Kasabanın geçirdiği bu dönüşümü halk üzerinden okuyabilsek de, Cavalli karşımıza çeşitli temsilciler çıkarır; bunların başında komiser, belediye lideri, din adamı ve medyacı gelir. Ölülerin nereden geldiğiyle başlayan sürecin, bu biçimdesi “önlemlerle” devam etmesini bu temsiliyetler üzerinden okurken, güç ve meşruiyet üzerine ister istemez bir daha düşünürüz.

Öteki taraftan bu “ne idiği belirsiz” ölülerin birbirine fizikî olarak benzemesi de Cavalli’nin bilhassa altını çizdiği bir detaydır. Ölülerin deri renklerinin koyu olması, birinci elden net bir gerçeği, çağdaş dünyanın en büyük sorunlarından biri olan sığınmacıları akla getirir. Denizi geçmeye çalışırken botu batan/batırılan, birçoğu boğulan, kalanlarınsa beter kurallarda yaşadığı bu sistemde “ev sahiplerinin” yaşadığı dehşet pek başarılı biçimde işlenir.
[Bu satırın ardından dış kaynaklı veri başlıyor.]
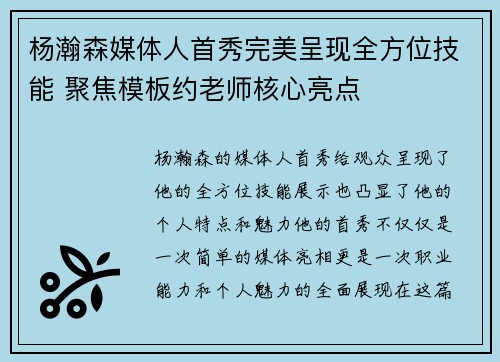 杨瀚森媒体人首秀完美呈现全方位技能 聚焦模板约老师核心亮点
Cavalli, her fırsatta politik biri olduğunun belirten, taraf olmayanları eleştiren bir müelliftir. Probleme buradan bakınca da gerek sığınmacı sorunu gerek Avrupa’daki endişe ve totoliterleşmeye yatkınlık durumu daha net bir tablo çizer bize.

“Bir kişi yolda yürürken düşerse güldürü, herkes birebir anda düşerse trajedi olur,” demişti bir gün Muzaffer İzgü. ‘Dalga’yı okurken bu kelam aklıma geldi: Bir ceset kıyıya vurursa “normal”dir, ancak on binlerce ceset vurursa bu bir felaket olur.